President Goodluck Jonathan visited Nigeria's second largest city of Kano on Sunday after at least 166 people were killed in one of the deadliest waves of attacks in the mainly Muslim north.
Jonathan, facing the biggest crisis of his rule, arrived in the city two days after the coordinated bombings and gunbattles rocked Kano in attacks claimed by the Islamist militant group Boko Haram.
"A terrorist attack on one person is an attack on all of us," Jonathan said as he inspected sites targeted in the violence, and met the city's top Muslim traditional leader emir Ado Bayero, pledging to boost security.
The sectarian violence gripping Nigeria has raised fears of an all-out civil war in Africa's most populous nation and its biggest oil producer.
Jonathan's brief visit came after violence erupted in the north again on Sunday, with 10 people killed in pre-dawn attacks in the town of Tafawa Balewa, a flashpoint of sectarian violence in the neighboring state of Bauchi.
Bombs were also thrown early Sunday at two churches in the state capital Bauchi city, but no casualties were reported, police said.
Soldiers were manning checkpoints in Kano, but a round-the-clock curfew imposed after the violence following Friday prayers was relaxed to a night-time curfew Sunday, although streets remained largely deserted.
Jonathan imposed emergency rule in parts of Nigeria's north on December 31 after a wave of violence blamed on Boko Haram, including attacks on churches on Christmas Day, but Kano was not included in the areas covered.
Dozens of people were still thronging morgues and searching through stacks of dead bodies in Kano on Sunday looking for their loved ones, while hospitals have been struggling to cope with the dead and wounded.
Relief workers who have been picking up the bodies from the streets said that the overall death toll was at least 166, but the authorities have not given a precise toll, saying only that the number of dead would be over 100.
"As of yesterday, the overall death toll was 166," said one relief agency source, adding that more than 50 people were wounded.
However, a doctor at a major hospital said the toll could be much higher.
"If truth be told, the overall death toll from the attacks is around 250," said the doctor, adding that relief workers were still collecting bodies.
"Although the bulk of the bodies were brought here, others were deposited at three other hospitals," said the doctor, who declined to be named.
A purported spokesman for Boko Haram claimed responsibility for the violence, saying it was in response to a refusal by the authorities to release its members from custody.
Around 20 explosions reverberated across the city on Friday in attacks that targeted a police headquarters and other police stations, a secret police building and immigration offices.
Gunfire also erupted in several areas of the city, which had escaped the worst of the violence blamed on the Islamist group in recent months. A local television journalist covering the unrest was among those shot dead.
The attacks sent residents fleeing in fear or kept many indoors.
"How can I go out while such a huge number of the people have been killed? I have to respect the dead," said food trader Shehu Lawan.
In Sunday's unrest, 10 people, including a policemen and soldier were killed in Tafawa Balewa, in Bauchi state.
Bukata Zhyadi, a traditional ruler of the mainly Christian Sayawa ethnic group, told Agence France Presse that attackers hurled home-made hand grenades into houses while people were sleeping and shot at those trying to escape.
He blamed the violence on the Muslim Hausa-Fulani ethnic group.
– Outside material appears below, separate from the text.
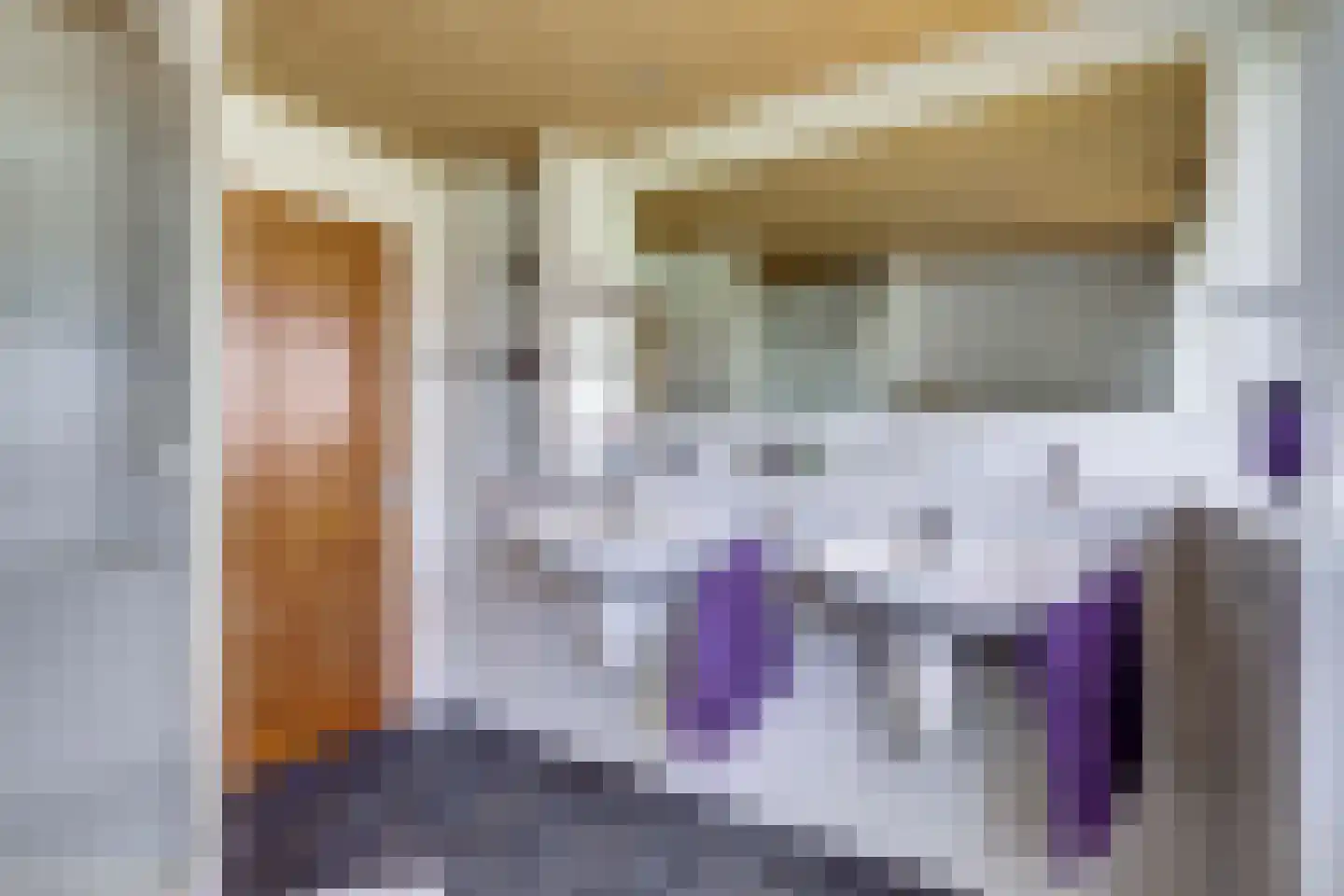 De Smeule 5 Nieuwleusen thumbnail 47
Police however said the violence erupted after gunmen robbed a bank.
"In the exchange of fire that ensued, a policeman, a soldier and eight unidentified civilians were killed by stray bullets," police spokesman Mohammed Barau told AFP, adding that six suspects had been arrested.
Bombs were also thrown at a Catholic church and an evangelical church in Bauchi city, but caused minimal damage and no deaths or injuries, police said.
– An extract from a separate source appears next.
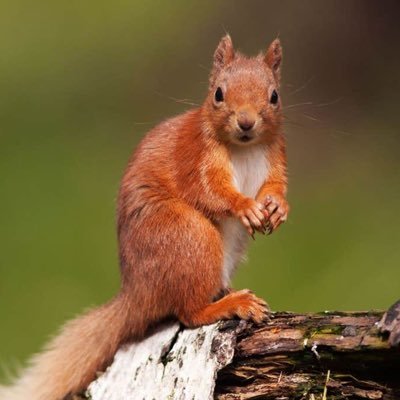 Squirreling my way to financial freedom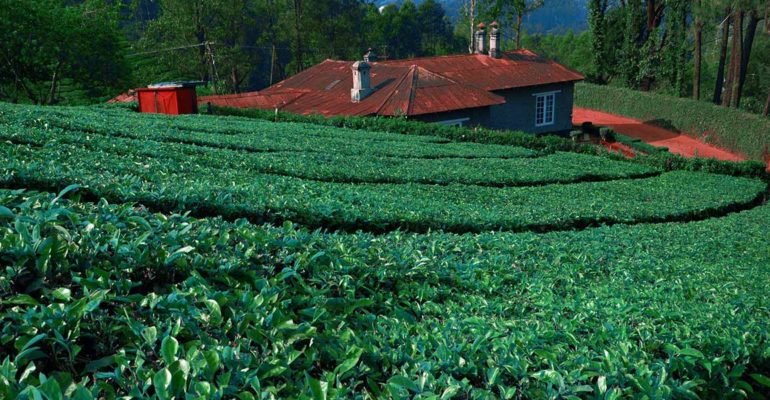 Tea-Leaves-Munnar-Kerala-godzoen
Residents also said a bomb-laden car was found abandoned outside a government-run fuel station in Kano but that the explosives were defused by police.
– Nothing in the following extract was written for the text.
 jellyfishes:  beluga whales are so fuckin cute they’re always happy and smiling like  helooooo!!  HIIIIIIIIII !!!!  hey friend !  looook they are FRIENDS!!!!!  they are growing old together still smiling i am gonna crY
Most of the recent major attacks have occurred in the northeast of the country, with many taking place despite the state of emergency.
Friday's strikes would be among the group's most audacious and well-coordinated assaults by Boko Haram.
The group claimed responsibility for the Christmas Day bombing of worshippers outside a Catholic church near the capital Abuja, which killed at least 44 people. It also claimed the August suicide bombing of U.N. headquarters in Abuja that killed 25 people.
Attacks specifically targeting Christians have given rise to fears of a wider religious conflict in the country, which is roughly divided between a mainly Muslim north and predominantly Christian south.
But attacks blamed on Boko Haram have included a wide range of targets, including Muslims.